Que o Senhor nos encontre sempre preparados e vigilantes para sermos dignos de por Ele ser eleitos.

O pecado original

«A doutrina da Igreja sobre a transmissão do pecado original foi definida sobretudo no século V, particularmente sob o impulso da reflexão de Santo Agostinho contra o pelagianismo, e no século XVI, por oposição à Reforma protestante. Pelágio sustentava que o homem podia, pela força natural da sua vontade livre, sem a ajuda necessária da graça de Deus, levar uma vida moralmente boa; reduzia a influência do pecado de Adão à de um simples mau exemplo. Os primeiros reformadores protestantes, pelo contrário, ensinavam que o homem estava radicalmente pervertido e a sua liberdade anulada pelo pecado das origens: identificavam o pecado herdado por cada homem com a tendência para o mal (“concupiscência”), a qual seria invencível. A Igreja pronunciou-se especialmente sobre o sentido do dado revelado, quanto ao pecado original, no segundo Concílio de Orange em 529 e no Concílio de Trento em 1546».

(Catecismo da Igreja Católica § 406)

«Embora próprio de cada um, o pecado original não tem, em qualquer descendente de Adão, carácter de falta pessoal.
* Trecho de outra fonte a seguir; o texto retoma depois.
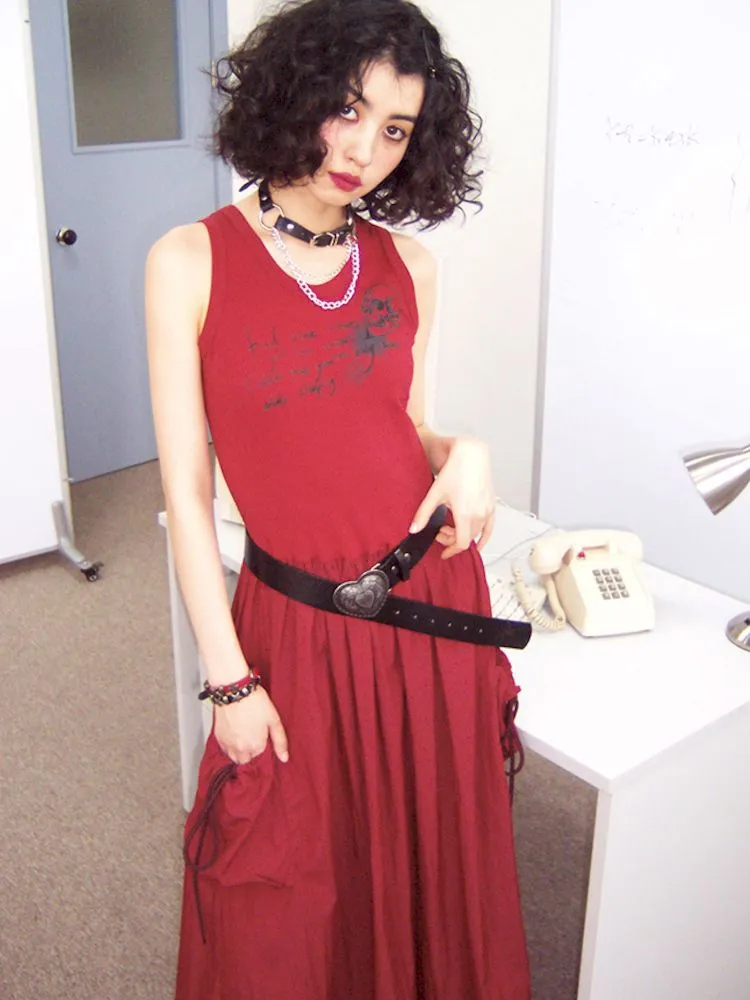 U Neckline Printed Vest Dress【s0000008852】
É a privação da santidade e justiça originais, mas a natureza humana não se encontra totalmente corrompida: está ferida nas suas próprias forças naturais, sujeita à ignorância, ao sofrimento e ao império da morte, e inclinada ao pecado (inclinação para o mal, que se chama concupiscência). O Baptismo, ao conferir a vida da graça de Cristo, apaga o pecado original e reorienta o homem para Deus, mas as consequências para a natureza, enfraquecida e inclinada para o mal, persistem no homem e convidam-no ao combate espiritual»

(Catecismo da Igreja Católica § 405)

«Trazemos em nós mesmos - consequência da natureza decaída - um princípio de oposição, de resistência à graça: são as feridas do pecado original, agravadas pelos nossos pecados pessoais. (…) Enquanto pelejamos - uma peleja que durará até à morte - não excluas a possibilidade de que se levantem, violentos, os inimigos de fora e de dentro».

(Amigos de Deus 214 - S. Josemaría Escrivá)

O amor de Deus e dos homens

São (Padre) Pio de Pietrelcina (1887-1968), capuchinho
Ep 3, 1246,1010


Sou consumido por uma dupla chama: o amor de Deus e o amor dos homens. É como se tivesse dentro de mim um vulcão sempre em erupção, que Jesus pôs no meu coração, embora ele seja muito pequenino. [...]

Meu Deus, continua sempre e cada vez mais presente no meu pobre coração e termina em mim a obra que começaste. Ouço no mais íntimo de mim essa voz que me repete: «Santifica-te e santifica os outros!»

Efectivamente é o que desejo, querido filho a quem escrevo tudo isto, mas não sei por onde começar. Ajuda-me. Sei que Jesus te ama muito e que o mereces. Fala-Lhe, pois, por mim: peço-Lhe a graça de ser um filho menos indigno de São Francisco, que possa servir de exemplo aos meus irmãos de modo que mantenham o seu fervor e que ele aumente em mim, até fazer de mim um capuchinho perfeito.